Carlos Ferreyra
Esto se llama, en la fraseología de la abuela, “meterse en camisa de once varas”. Para los legos, las camisas de los lagartijos porfirianos llevaban unas varillas para mantenerlas estiradas, sin una arruga y con el cuello alargado, enhiesto, una real tortura.
Hace muchas lunas dejó de gustarme el cine. Quizá desde que lo convirtieron en salitas con películas de televisión, breves y obvias, y además decidieron que todo es arte, pretexto para desgraciarle a los seres simples, de corazón blando y espíritu noble, como es mi caso, lo que era diversión, sufrimiento o emoción pura.
Hablo de las películas anteriores al Cine de Aliento que fue el principio del fin para una industria boyante, con un público fiel que asistía a las enormes salas con atuendo dominguero—los señores, traje y corbata—y con la familia en pleno. Una especie de ritual que solo variaba de familia a familia.
Explico: en el cine Eréndira de Morelia mi padre y mi madre con mi hermana se iban a luneta, donde gozaban la comodidad de butacas. Mi hermano y yo nos trepábamos a galería, que costaba menos de la mitad y con la diferencia nos atascábamos de pepitas de calabaza tostadas, de garbanza cocida en agua de sal y de alguna otra exquisitez parecida.
La clasificación de las cintas era muy puntual y como no conocíamos el cine europeo, no corríamos el riesgo de ver mujeres en cueros ni escenas en las que parejas cometían actos propios para esposos y en la más absoluta intimidad.
Apreciábamos los hermosos paisajes, poéticos, de Gabriel Figueroa; la eterna lucha de los pobres contra los heredoporfirianos y la templanza y heroicidad de nuestros hombres del campo.
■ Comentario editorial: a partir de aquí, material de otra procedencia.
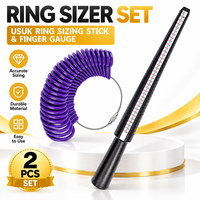 Kit d'outils de mesure professionnels britanniques/américains pour la création de bijoux DIY – Ensemble de jauges de mesure pour bagues (UK/US)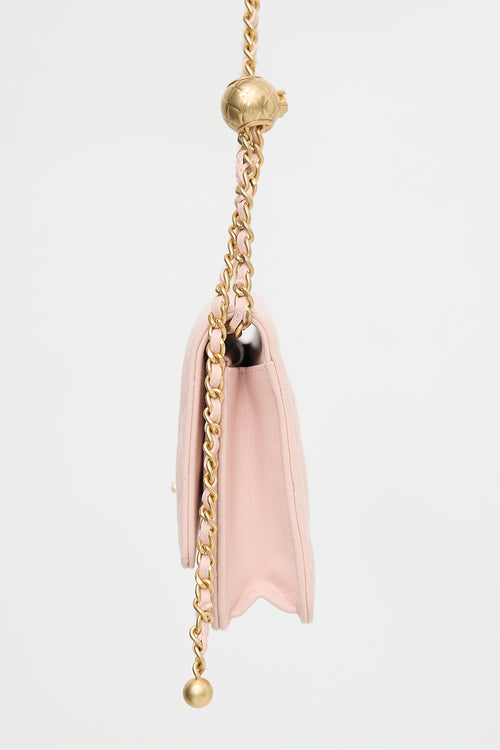 Chanel Leather Pearl Crush Wallet On Chain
Una maestra, María Félix, enfrentando al cacique de horca y cuchillo después de entrevistar al presidente Miguel Alemán quien le dio el encargo como mentora rural.
Y qué agregar a la lucha de clases cuando Nosotros los pobres y Ustedes los ricos, se enfrentan en un duelo moral en el que, claro gana el pueblo bueno pero no sin antes sufrir espantosas pérdidas como la muerte en un incendio de el Torito, un niño de meses, desgarradora escena con Pedro Infante abrazado al cadáver, berreando y hablándole como si no hubiese muerto.
Todo mundo si no lloraba abiertamente, moqueaba con disimulo se llevaba el pañuelo a los ojos, sonreía forzadamente y esperaba la siguiente cinta. Porque las funciones eran dobles y había un intermedio para que los señores fumaran, cosa que igualmente hacían durante la exhibición, o tomaran algún refrigerio.
Era un cine mexicano que apelaba a los sentimientos, dirigido al corazón de cada espectador. Y no había que analizarlo, sólo gozarlo o sufrirlo.
Hoy el cine es tan distinto, que no encuentro motivo de celebración porque premian películas gringas dirigidas o producidas por entes nacidos en México pero hace mucho no son mexicanos, son American citizens y, en verdad, no les encuentro pies ni cabeza.
Un día fui a ver La La Land, un musical que no hubiese servido ni como promocional en los tiempos de las grandes películas del género. Piense el lector en los enormes bailarines que quedaron para el eterno recuerdo.
Después se me ocurrió ver a Coco. Entre retortijones de indignación, me pareció que le han dado a esa película un valor falso: no es producto de una investigación antropológica ni es tampoco la revelación del Mictlán mexicano. Es una farsa y como tal es un mensaje desorientador para quien quiera conocer la hermosa tradición del Día de Muertos que tiene como punto esencial el estado de Michoacán y la zona lacustre donde mora esa bella etnia tarasca, purépecha o purembe.
Me disgustó tanto como el desfile de mojigangas en la película del 007 sobre el techo de un edificio que debía ser sagrado por histórico: la Casona de Xicoténcatl, antigua sede senatorial. Los alebrijes que el disparatado Ternurita decidió convertir en “tradición” con un desfile anual.
Para rematar mi periplo cinematográfico asistí al refrito del Monstruo de la Laguna Verde, somnífera obra de mi juventud ahora en versión moderna, con una historia inconcebible y un final increíble. Lo menos, una mujer enamorada de un batracio humanoide al que le surten una tanda de balazos, pero como lagartija sin cola, se recupera instantáneamente.
No sentí la menor emoción en las cintas mencionadas. Y aunque me reprenda mi querido Miguel Caine, no entiendo cuáles son los valores artísticos, literarios, visuales que se premian en los Óscares.
En todo caso son obras Made in Hollywood, by American citizens que pronto nos asestarán unos cuantos consejos a los mexicanitos para que nos desapendejemos y seamos grandes… como ellos.